Many believe that Bitcoin is completely anonymous. However, with forensic analysis, any Bitcoin address used in a transaction is very likely to be traceable. This means Bitcoin transactions are actually pseudo-anonymous.
All Bitcoin transactions and the wallet addresses involved are recorded on a public blockchain – the Bitcoin blockchain, to be specific. They are open and available to everyone to see.
However, Bitcoin wallet addresses alone don’t reveal any identifiable details. However, they do provide a foothold for further investigation. Imagine your Bitcoin address like an email address or an online alias; how hard it is to link to your actions depends largely on what you do with it and the willingness of another party to trace you.
Say you publicly share your Bitcoin wallet address. Perhaps on a forum. Even if it’s not shared with any identifiable details, you may have used the same username somewhere else. You may have shared identifiable details in another post under that username, which someone can track by looking through your posting history. You may also have used an email address to sign up to the forum, which is also public.
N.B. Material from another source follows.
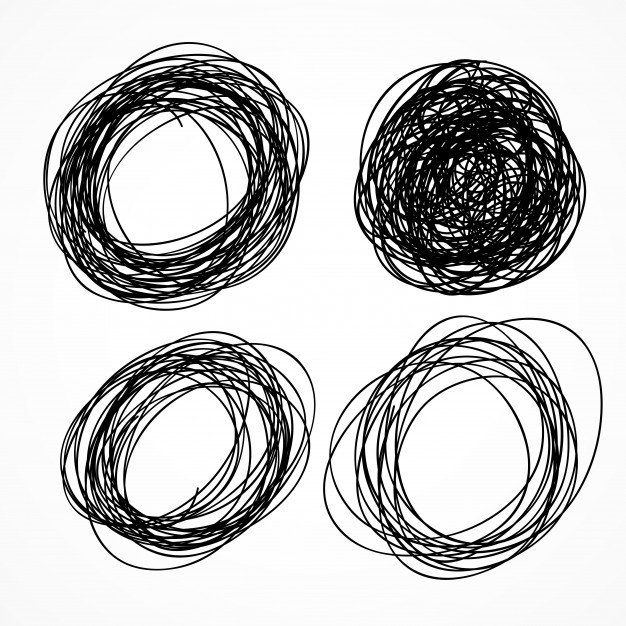 626x626 Hand Drawn Circle Scribble Set Vector Free Download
It’s not hard to then connect the dots.
Essentially, any time you share a Bitcoin wallet address, you make it possible for someone to link you to it. If you’re buying something from a shop, the merchant is highly unlikely to bother tracing you, of course, and to do so is costly. If you’re doing something more nefarious with your Bitcoin though, the police may be more inclined to do so.
It’s also important to note that because you can see all transactions that take place over the Bitcoin network, multiple Bitcoin addresses can be grouped together. They can then be tied to the same address. Therefore, if just one of these addresses is linked to a real-world identity through one or several of the other de-anonymising methods, they all can.